Dorothy Garrod, first woman Professor at Cambridge.
SMITH, PAMELA JANE
Key-words: Dorothy Garrod, women, Cambridge, archaeology,
universities
In May 1939, the accomplished Palaeolithic archaeologist, Dorothy
Garrod, was elected Cambridge's Professor of Archaeology -- the
first woman to hold a Chair at either Cambridge or Oxford. Garrod was
well qualified for the position in several ways. Trained by R.R. Marett
at Oxford and the Abbe Henri Breuil in France, she was renowned for her
excavations in Gibraltar, Palestine, Southern Kurdistan and Bulgaria. By
1939, Garrod was one of Britain's finest archaeologists. She had
discovered the well-preserved skull fragments of 'Abel', a
Neanderthal child, in Gibraltar, identified the Natufian culture while
excavating Shukbah near Jerusalem, directed the large, long-term
excavations at Mt Carmel, established the Palaeolithic succession for
that crucial region and then travelled, in 1938, to explore the
important Palaeolithic cave of Bacho Kiro in Bulgaria. Published reports
of her excavations had appeared promptly and were very favourably
reviewed. The pre-historian, Grahame Clark, who was to succeed her to
the Disney Chair in 1952, described Garrod's The Stone Age of Mount
Carmel (1937) as 'pure gold' (Clark 1937: 488).
Garrod's papers
Regardless of her accomplishments, Garrod has remained a shadowy
figure. Until recently, persistent rumours suggested she had burnt her
literary remains. However, as part of my Ph.D research into the
institution of prehistory at Cambridge University, I located, with Paul
Bahn's and Genevieve Pincon's help, a vast store of
Garrod's unpublished and unsorted material held in the Bibliotheque
du Musee des Antiquites Nationales outside Paris (Smith et al. 1997).

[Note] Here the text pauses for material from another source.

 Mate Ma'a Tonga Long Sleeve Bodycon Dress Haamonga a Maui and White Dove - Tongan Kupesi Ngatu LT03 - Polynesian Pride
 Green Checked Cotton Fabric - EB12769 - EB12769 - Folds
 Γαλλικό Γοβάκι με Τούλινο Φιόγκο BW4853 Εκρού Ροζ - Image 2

This material is kept under the name of French archaeologist Suzanne
Cassou de Saint-Mathurin, who had excavated with Garrod in France and
Lebanon. When Saint-Mathurin died in 1991, boxes of Garrod's
diaries, letters, field notes, photographs and manuscripts were
bequeathed to the MAN along with Saint-Mathurin's papers.
Reserved, assured, delightful
These unpublished papers, along with personal recollections of
colleagues and former students, reveal a contrast between Garrod's
personality as Professor and her behaviour in every other context. In
the field she is at ease and gently humorous; reserved but fun. In the
Faculty, however, she is described as 'cripplingly shy' --
dry, distant, difficult to know. Excerpts from her correspondence and
field diaries and comments of her contemporaries document this striking
contrast. Garrod's earliest letters, long before her Professorship,
show a spontaneous, joyful attitude toward life and work.
'My dear Jean', wrote Garrod to her cousin in 1921,
'The last week in France was great fun. It was really almost too
moving to be true. You crawl on your stomach for hours ... climbing up
yawning abysses (lighted only by an acetylene lamp ...) and get knocked
on the head by stalactites and on the legs by [stalag]mites, and in the
end arrive at all sorts of wonders; bison modelled in clay, and
portraits of sorcerers, and footprints of Magdalenian man'. Garrod
was about to meet her life-long mentor, the renowned pre-historian, Abbe
Henri Breuil. 'Comte Begouen, our host ... is a dear, and we also
met the Abbe Breuil who ... explores impossible caves in a Roman collar and bathing dress. He got an Hon. degree at Cambridge last year, but
more fully clothed'. The humour and joie de vivre evident in this
letter are typical of Garrod (Box 72: MAN).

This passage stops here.